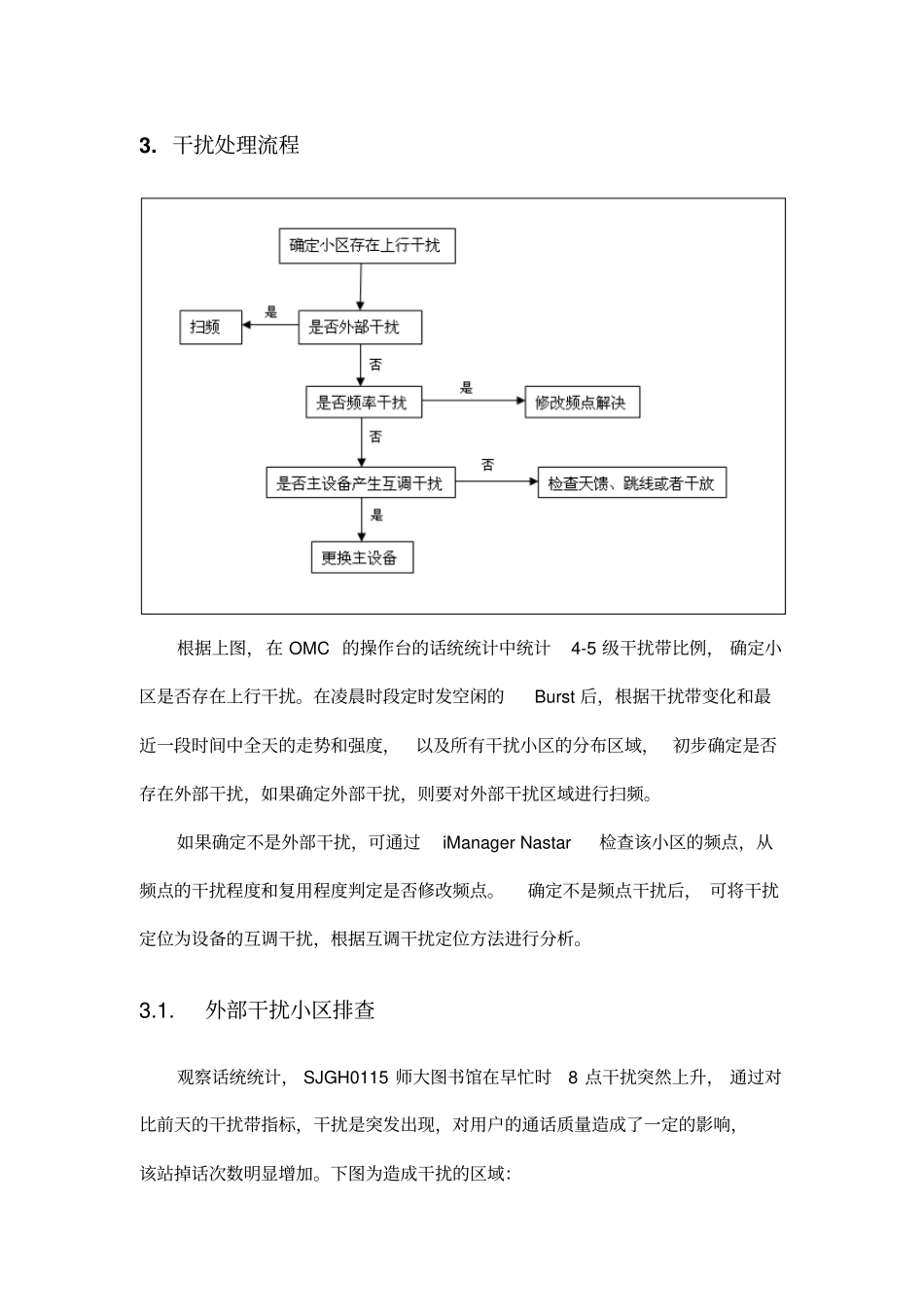 高干扰小区排查方法全解_第2页
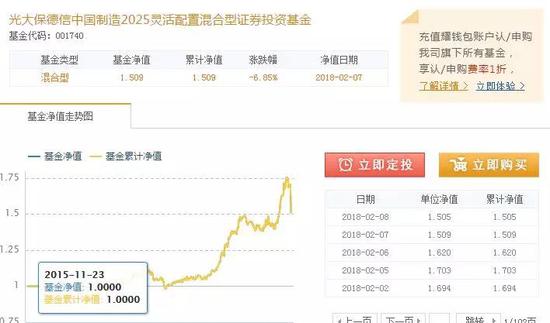 光大保德信旗下多只基金净值过山车 集体豪赌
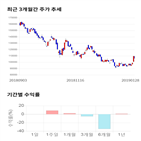 종목,점수,투자,삼성전기,측면,기업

Brief
A verbatim copy of the material, pictures excluded, is what must be produced.

Answer to this problem
 高干扰小区排查方法全解_第2页
 光大保德信旗下多只基金净值过山车 集体豪赌
 종목,점수,투자,삼성전기,측면,기업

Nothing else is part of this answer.